Data for review:
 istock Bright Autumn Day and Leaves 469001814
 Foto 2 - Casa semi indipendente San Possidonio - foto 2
---
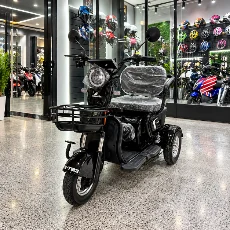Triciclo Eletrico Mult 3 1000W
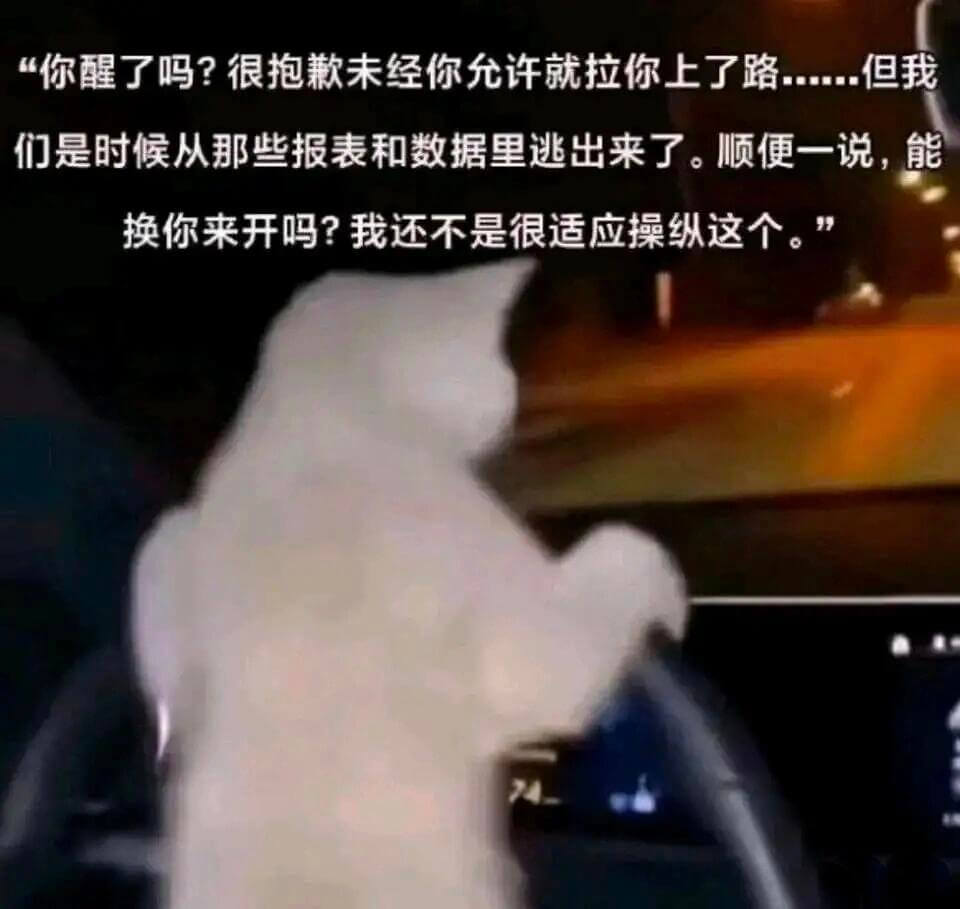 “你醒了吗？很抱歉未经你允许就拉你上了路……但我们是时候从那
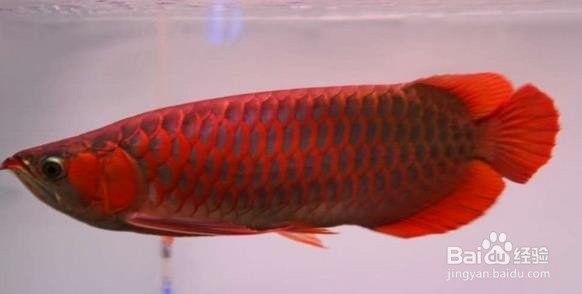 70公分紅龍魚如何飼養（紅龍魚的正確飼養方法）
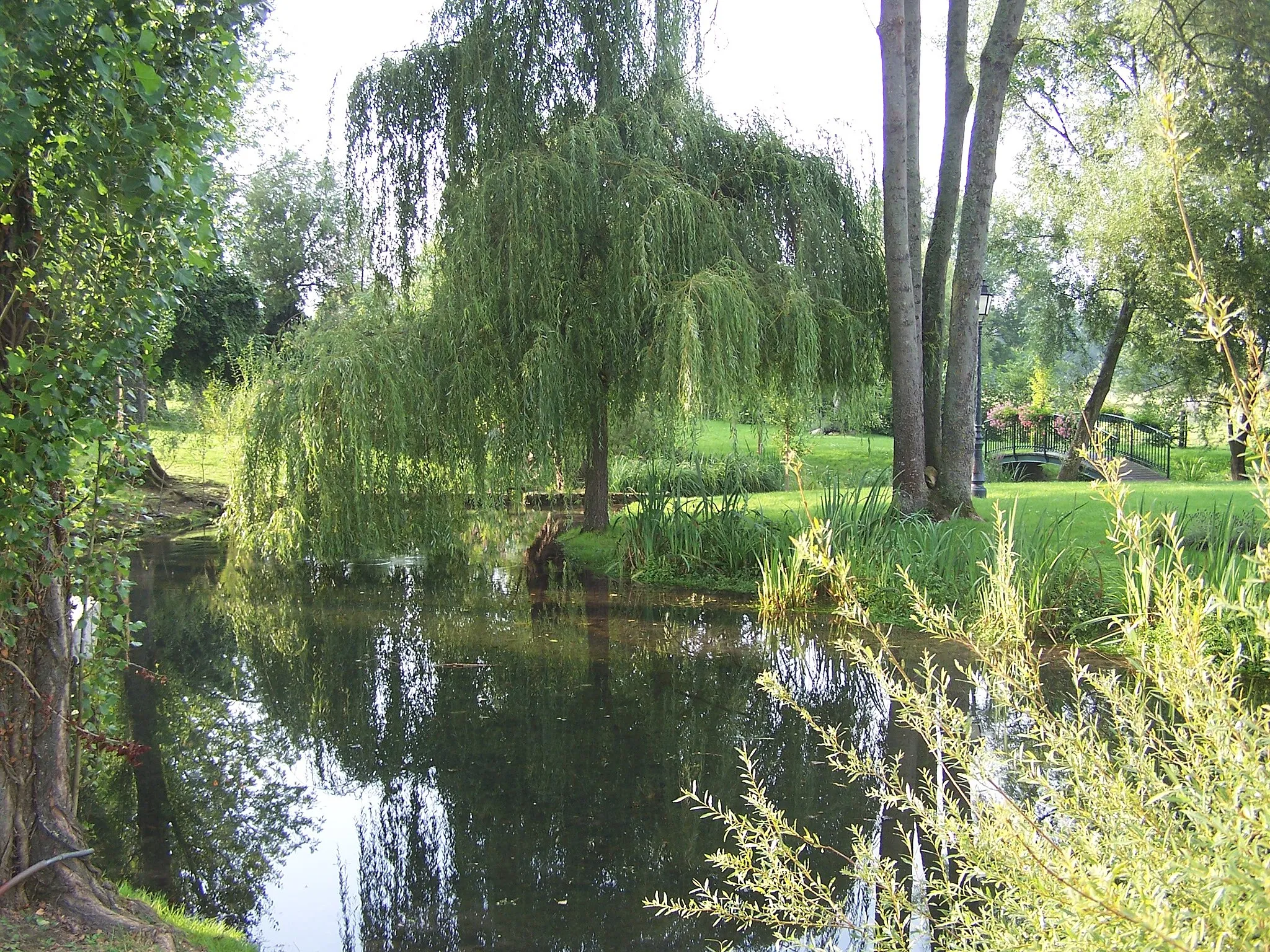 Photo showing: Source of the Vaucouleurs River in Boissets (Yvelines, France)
* * *
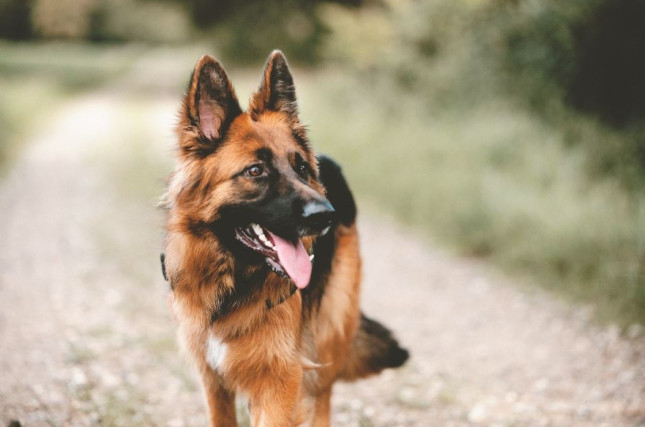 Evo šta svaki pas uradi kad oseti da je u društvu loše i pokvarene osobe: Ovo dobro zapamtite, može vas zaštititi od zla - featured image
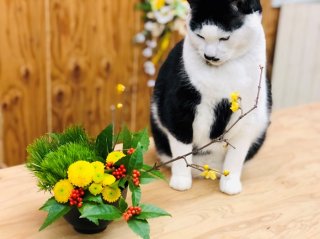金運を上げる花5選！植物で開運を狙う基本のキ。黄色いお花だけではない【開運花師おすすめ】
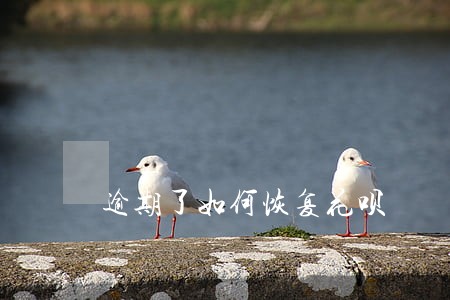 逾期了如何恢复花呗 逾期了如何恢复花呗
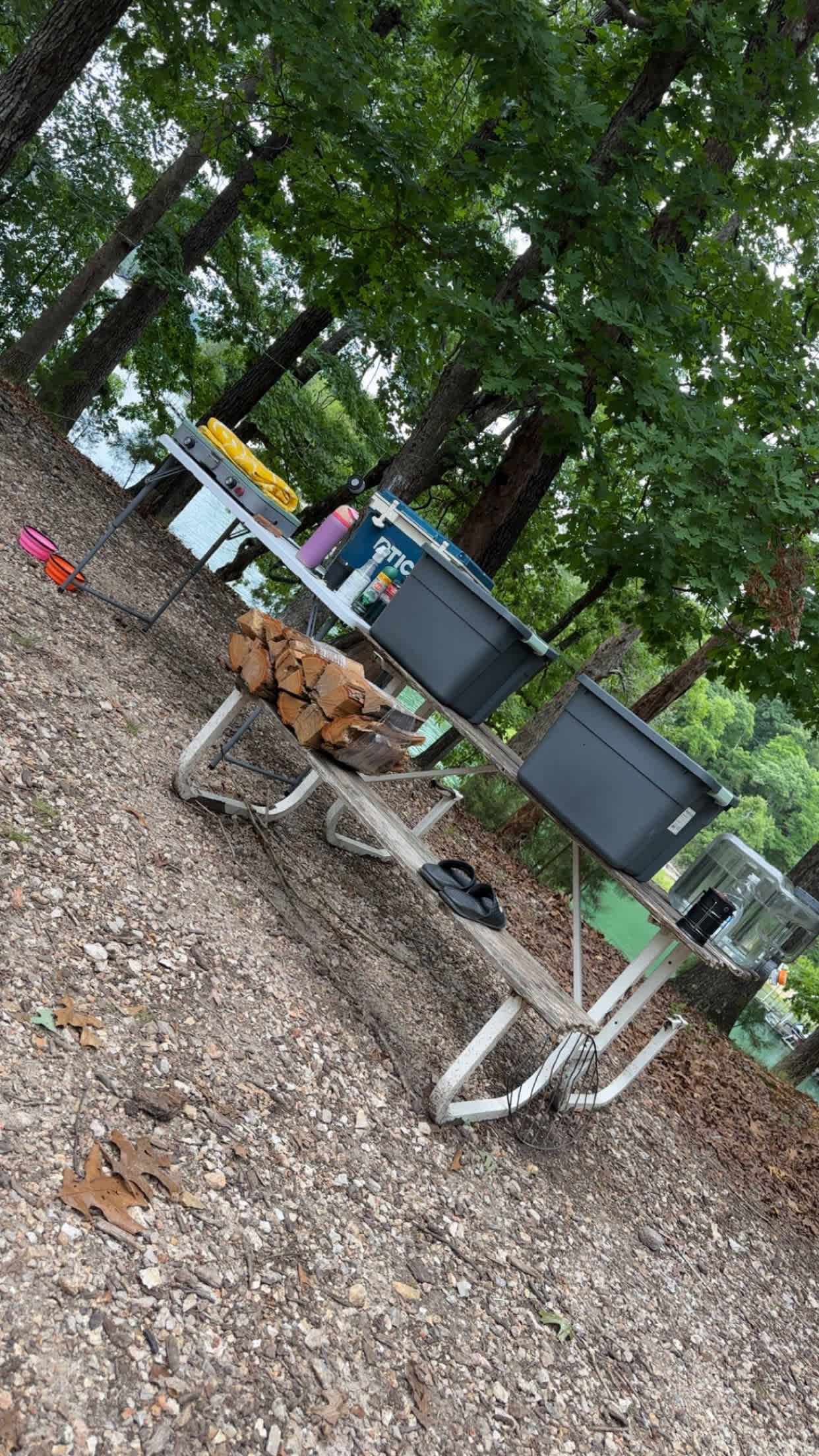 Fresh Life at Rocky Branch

Work item: Skipping every picture, transcribe exactly the lines above from the one containing "逾期了如何恢复花呗 逾期了如何恢复花呗" through the one containing "Fresh Life at Rocky Branch", both included.

Reply to the task:
 逾期了如何恢复花呗 逾期了如何恢复花呗
 Fresh Life at Rocky Branch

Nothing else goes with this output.